> _Material provided_
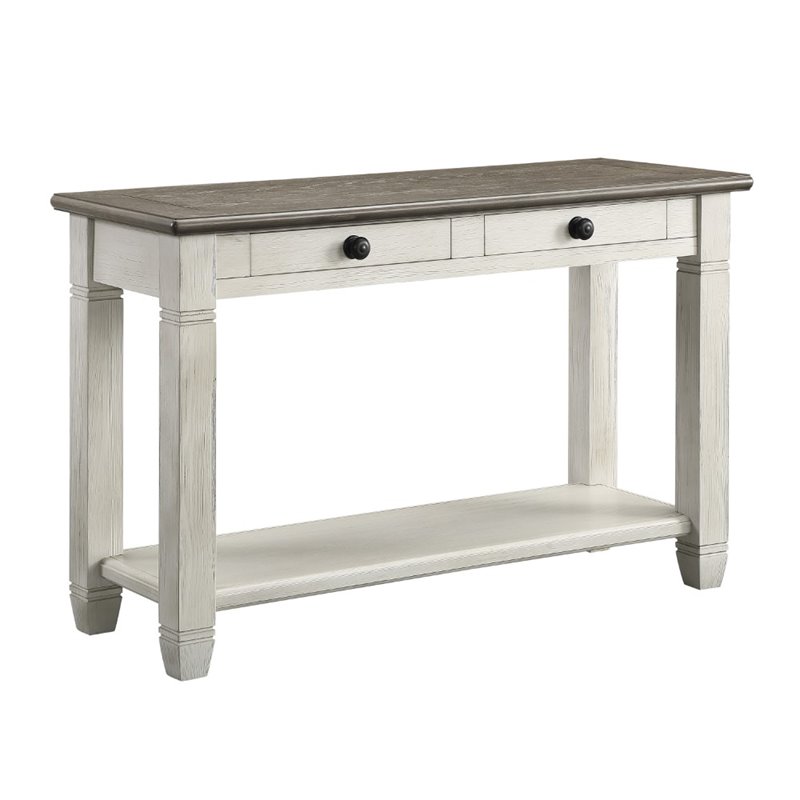 Pemberly Row 2-Tone Wood 2-Drawer Console Table in Antique White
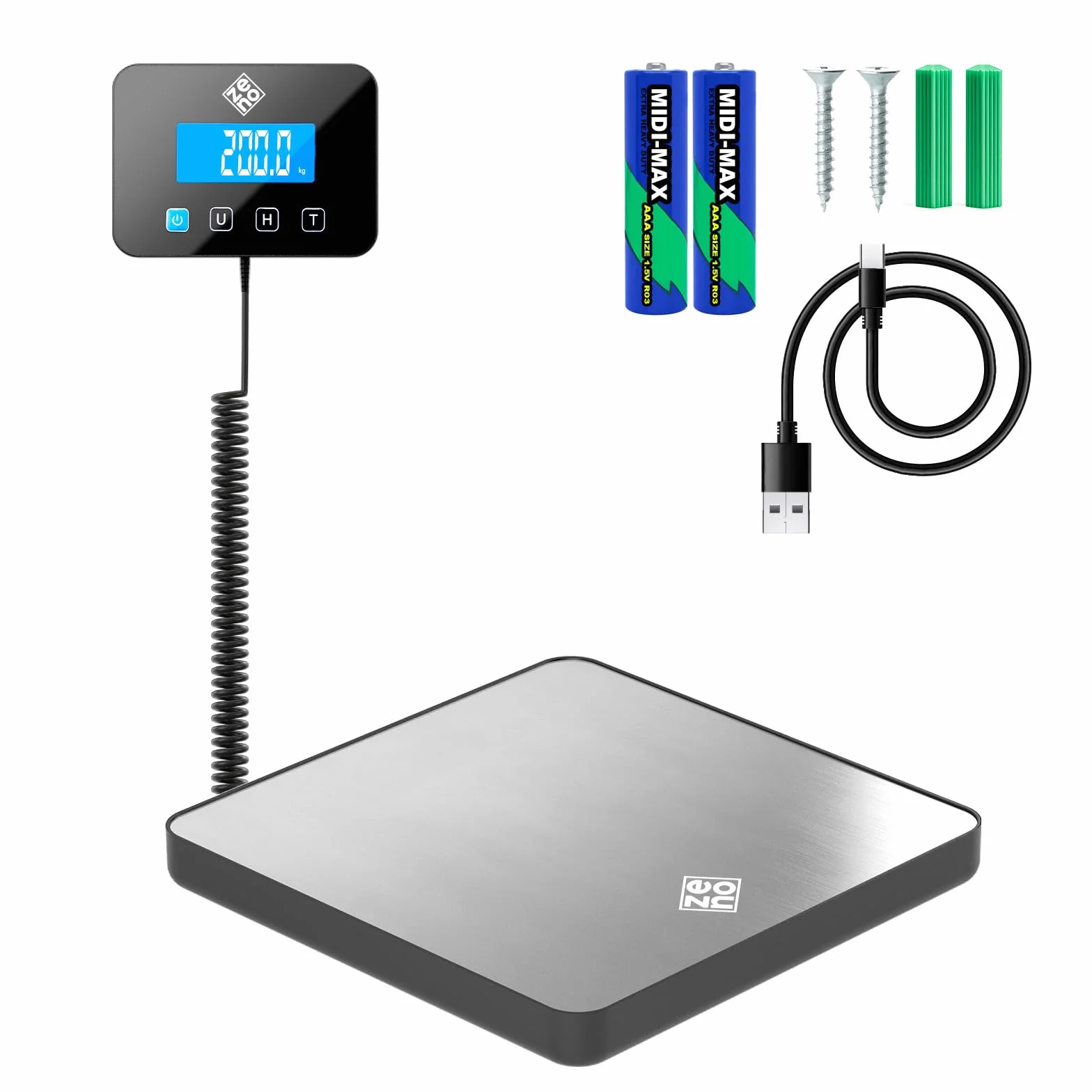 Balance Colis Électronique 200 kg/10 g avec Hold/Tare Professionnelle Industrielle Argent
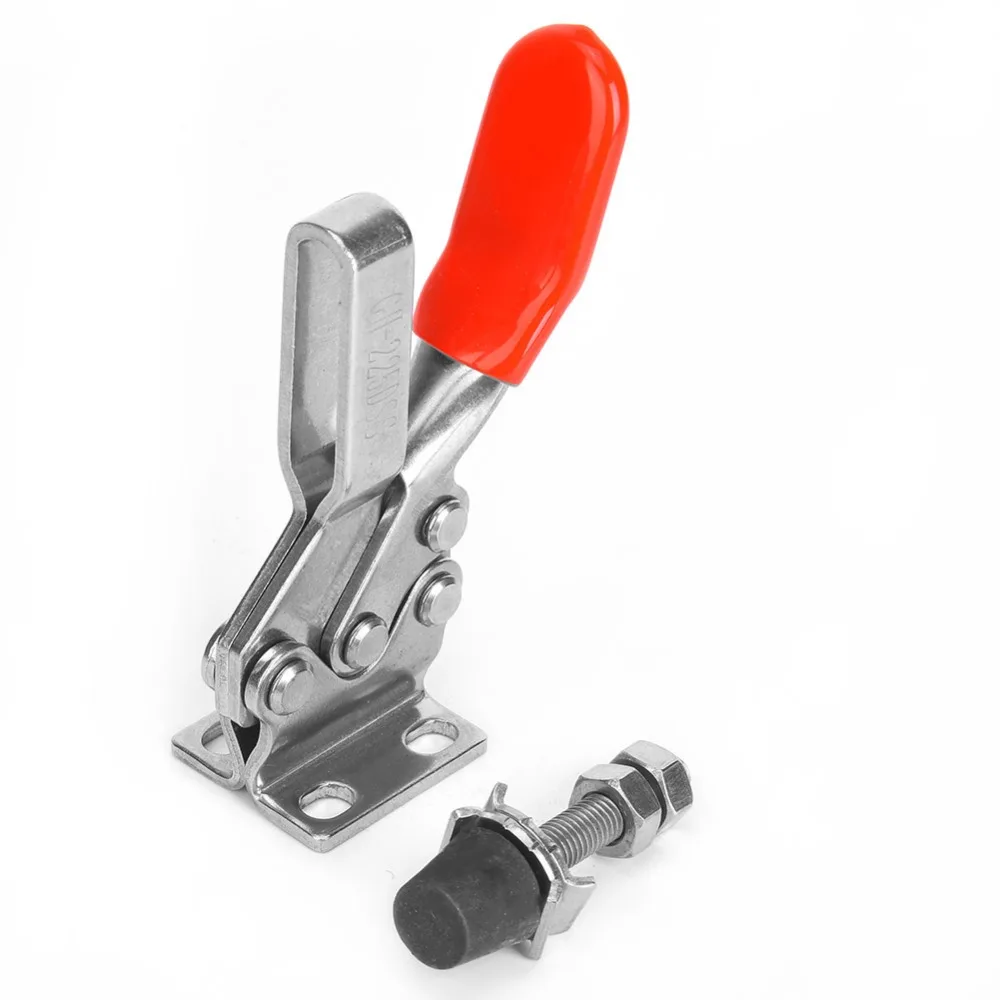 Stainless Steel Horizontal Toggle Clamp Lever Action 280KG Holding Capacity Welding Fixture Clamp Horizontal Design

> _Your goal_
Return the material above verbatim. Pictures are to be excluded.

> _Written reply_
 Pemberly Row 2-Tone Wood 2-Drawer Console Table in Antique White
 Balance Colis Électronique 200 kg/10 g avec Hold/Tare Professionnelle Industrielle Argent
 Stainless Steel Horizontal Toggle Clamp Lever Action 280KG Holding Capacity Welding Fixture Clamp Horizontal Design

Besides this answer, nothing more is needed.